What a nice looking Pav!

I had all my pieces on the floor ready to rebuild the other day but then realised they needed a good polish.

@coffeechap and @jimbojohn55 is cafizza any different to pulycaf, how do you restore the black handles and knobs, do I need a dremel?

I really want one of these 75 Pavoni's but buying a 5th Pav might cause a few issues with the misses.


----------



## coffeechap (Apr 5, 2012)

pull cafe is perfect, you soak the main parts in it and it restores the chrome finish nicely. i use metal polish to polish the bakelite handle, brings them up a treat. Buying a dremel is a good idea and getting a polishing set as it allows you to get into all the nooks and crannies.


----------



## Thecatlinux (Mar 10, 2014)

Nice work old bean


----------



## coffeechap (Apr 5, 2012)

Wait till you see the next one


----------



## coffeechap (Apr 5, 2012)

It might need a dip in something strong


----------



## Hasi (Dec 27, 2017)

coffeechap said:


> It might need a dip in something strong


... like in my arms?


----------



## ThinkJunket (Oct 16, 2018)

Can't wait to see you selling the refurbished ones


----------



## cold war kid (Mar 12, 2010)

I suspect this thread has had a few more views over the last couple of days

I've always fancied one of these and was thinking of buying new as I'm not good at DIY, but reading this thread makes me want a birth year one. I was born in 74, would a model from that year be essentially the same as the 75? Are there any big advantages or disadvantages with buying one so old over a new one? Restored examples seem to go for only slightly less than new ones.


----------



## Hasi (Dec 27, 2017)

cold war kid said:


> I suspect this thread has had a few more views over the last couple of days
> 
> I've always fancied one of these and was thinking of buying new as I'm not good at DIY, but reading this thread makes me want a birth year one. I was born in 74, would a model from that year be essentially the same as the 75? Are there any big advantages or disadvantages with buying one so old over a new one? Restored examples seem to go for only slightly less than new ones.

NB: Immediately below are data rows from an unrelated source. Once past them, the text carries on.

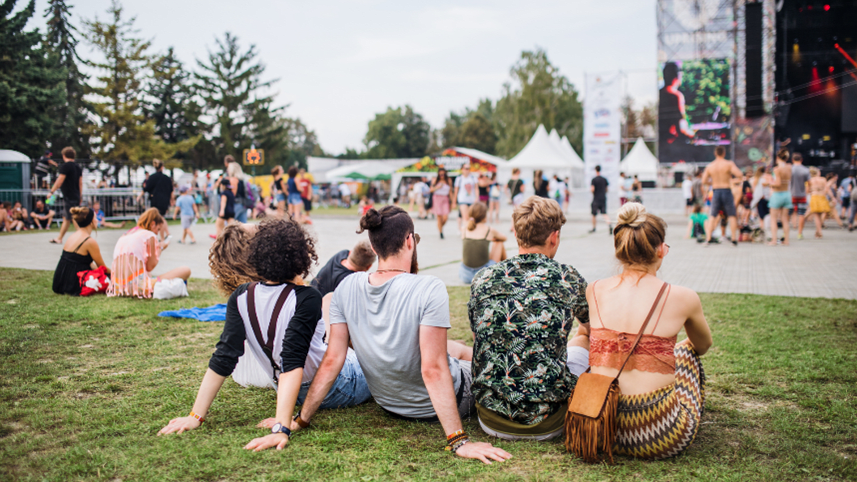 Group of people sitting on the ground at an outdoor music festival watching the stage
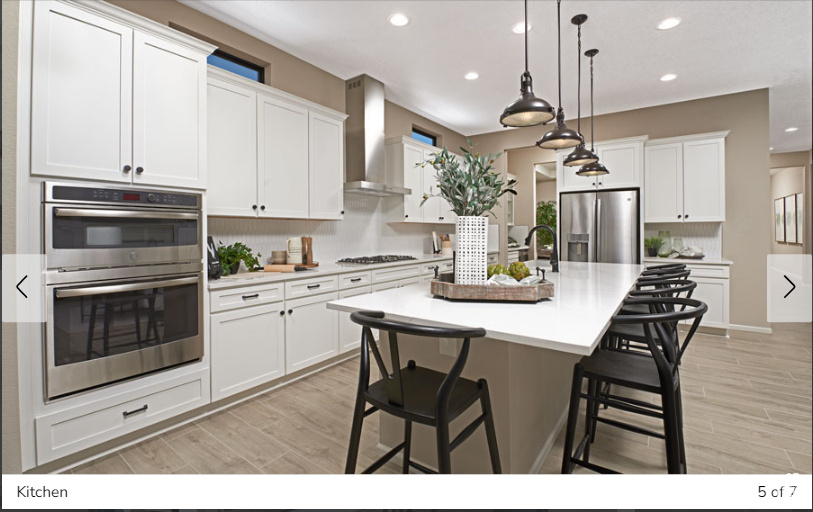 Kitchen featuring stainless steel appliances, wall chimney exhaust hood, white cabinetry, backsplash, and hanging light fixtures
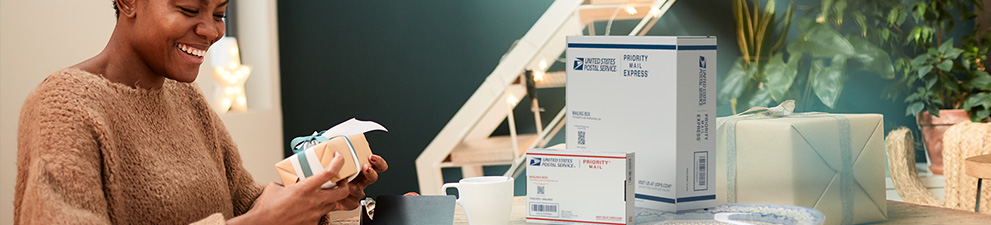 A woman prepares to pack and ship a holiday gift in a Priority Mail box.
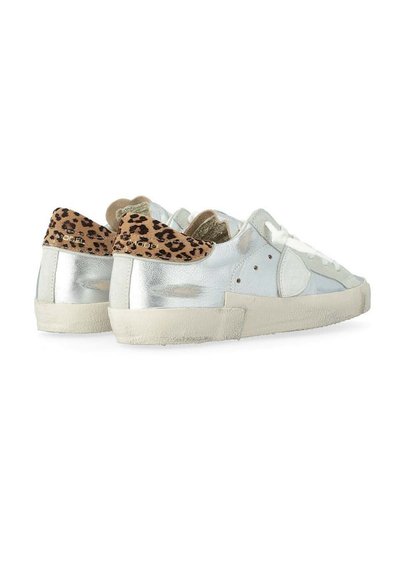 Zapatillas deportivas plateadas de caña baja con cordones blancos y suelas beige, con detalles de estampado de leopardo en el talón y perforaciones en los laterales.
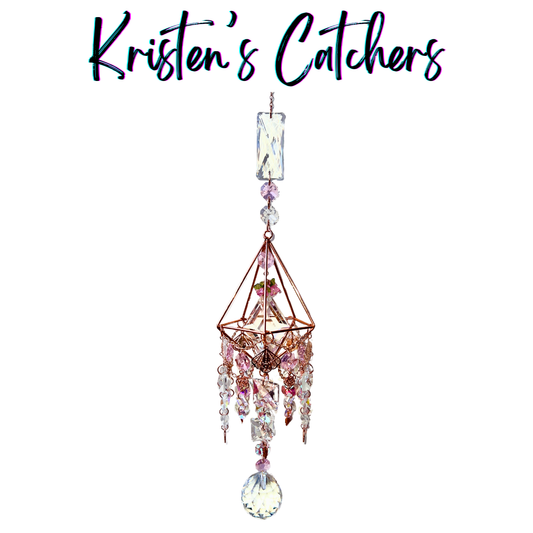 Handcrafted 3D rose gold geometric sun catcher with cascading pink and iridescent crystal fringe, butterfly and floral charms, rectangular header prism, and a large clear ball pendant drop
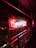 Neon sign in bright red and blue colors hangs prominently on a wall decorated with lush green ivy. The sign emits a warm glow that contrasts with the dark surroundings, creating a vibrant effect against the metal railing nearby.
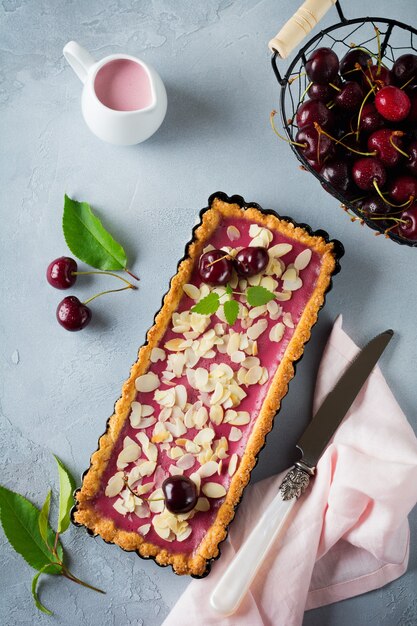 Crostata estiva con crema pasticcera alle ciliegie su deton grigio.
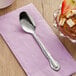 A Choice Bethany stainless steel teaspoon on a napkin next to a bowl of chocolate dessert.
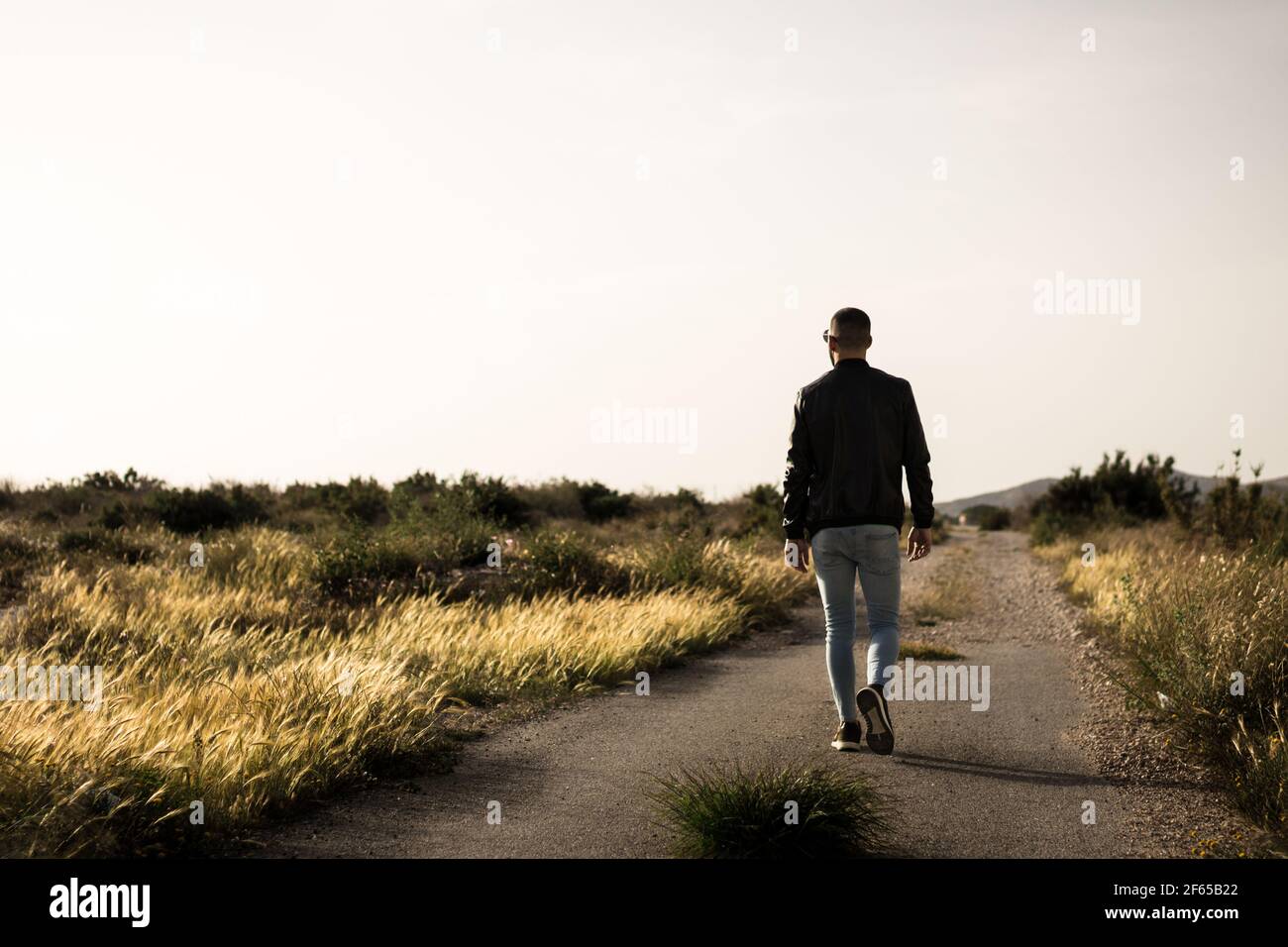 A person walking along a road at sunset. Stock Photo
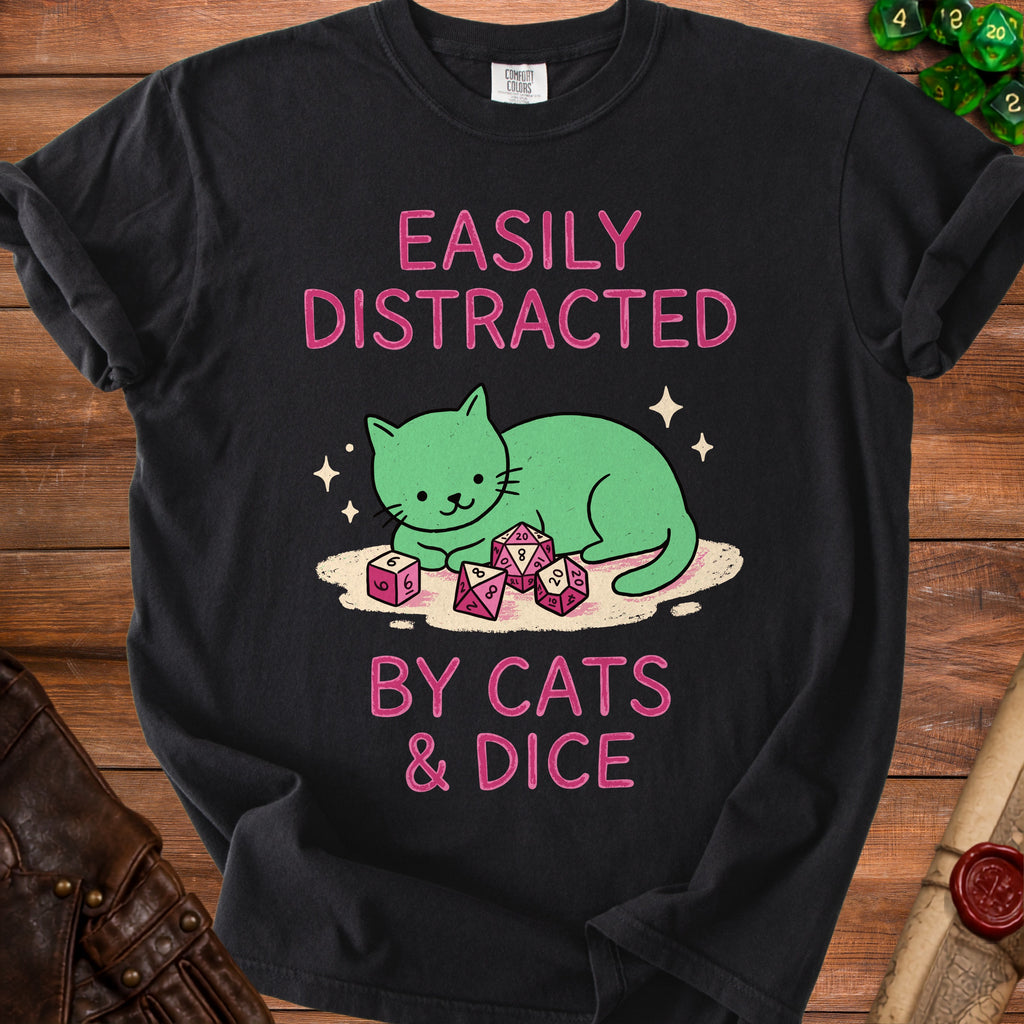 Black t-shirt with pink text "EASILY DISTRACTED BY CATS & DICE" and a green cat.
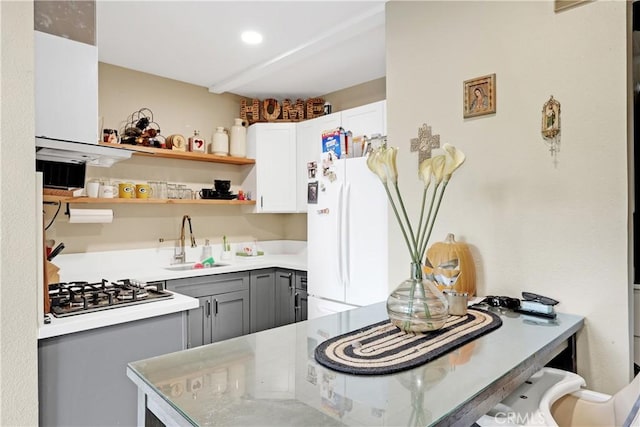 kitchen with white refrigerator, sink, white cabinets, and gray cabinets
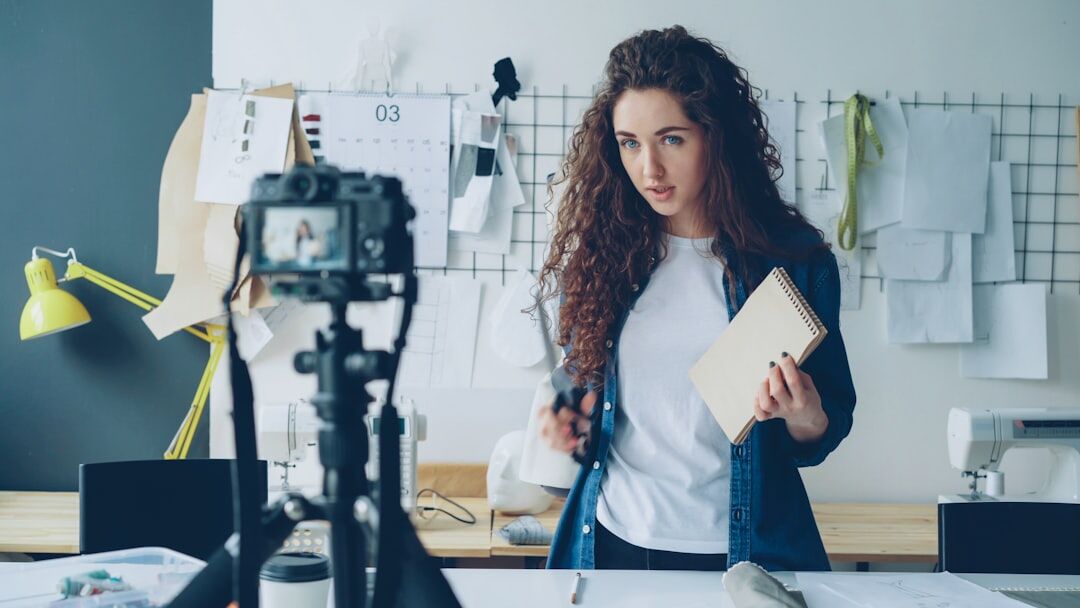 Female presenter practicing delivery in front of teleprompter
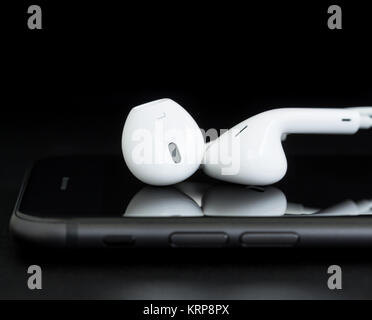 close-up headphone on phone black background Stock Photo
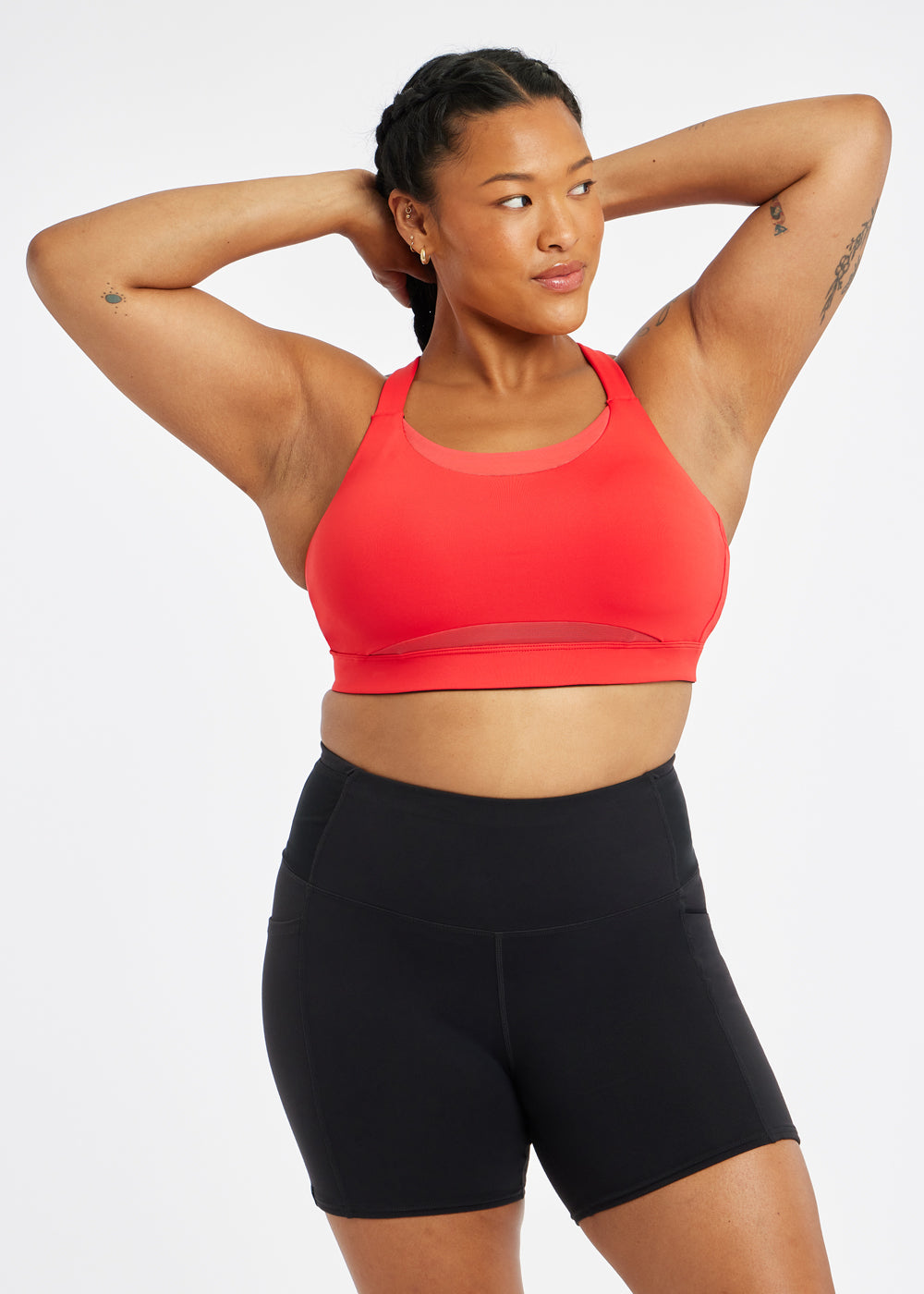 Woman wearing red orange band and cup sports bra, alternate front view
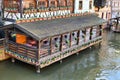 Restaurant in old buildings on stilts standing in river III in historical `Petite France` quarter of city of Strasbourg in France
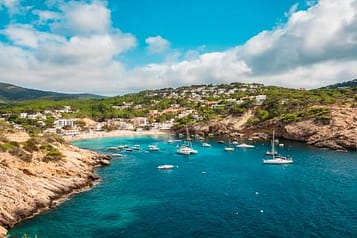 Scenic view of a coastal bay with turquoise waters, rocky cliffs, and sailboats anchored near a Mediterranean island, under a partly cloudy sky.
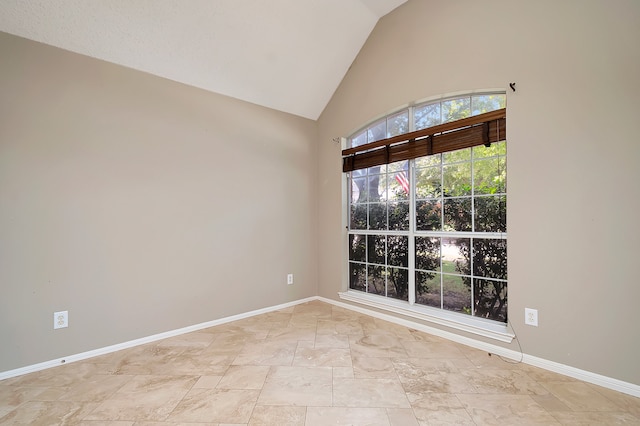 empty room featuring vaulted ceiling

Nothing wrong with a decent example of the olden days!

Just very few things to be aware of:

It took them many years to figure out how practical a built in power switch would be. From 74 onwards they finally used three position switches. On older models prepared to plug in and out, use a switchable socket/plug or retrofit a cord switch.

Removing shower screen is not as straight forward as on modern ones (maybe @jimbojohn55 will repeat what he said somewhere before about when exactly they changed it).

Steaming milk requires either a good sense of humour, a degree in James Bond impersonation or infinite patience to maybe eventually finally really get the hang of it. I didn't so far, says the happy owner of a perfect '73 model...


----------



## jimbojohn55 (Jan 15, 2016)

Hasi said:


> Nothing wrong with a decent example of the olden days!
> 
> Just very few things to be aware of:
> 
> ...


There are so many changes over the years some were improvements and some were to do with cost as the components of the early machines 62-73/74 were more expensive to produce, you need some special tools to dismantle them particularly the 62-73 group.

I prefer the cast alloy base of the early ones and the group, they are also I believe but haven't tried to prove it more thermally stable as they just tick over on a 200w element once upto temp.

the 74 on is easier to work on and the 77 onward easier still.

fixing up any of them is quite fun, each have their challenges but ultimately you cant go too wrong


----------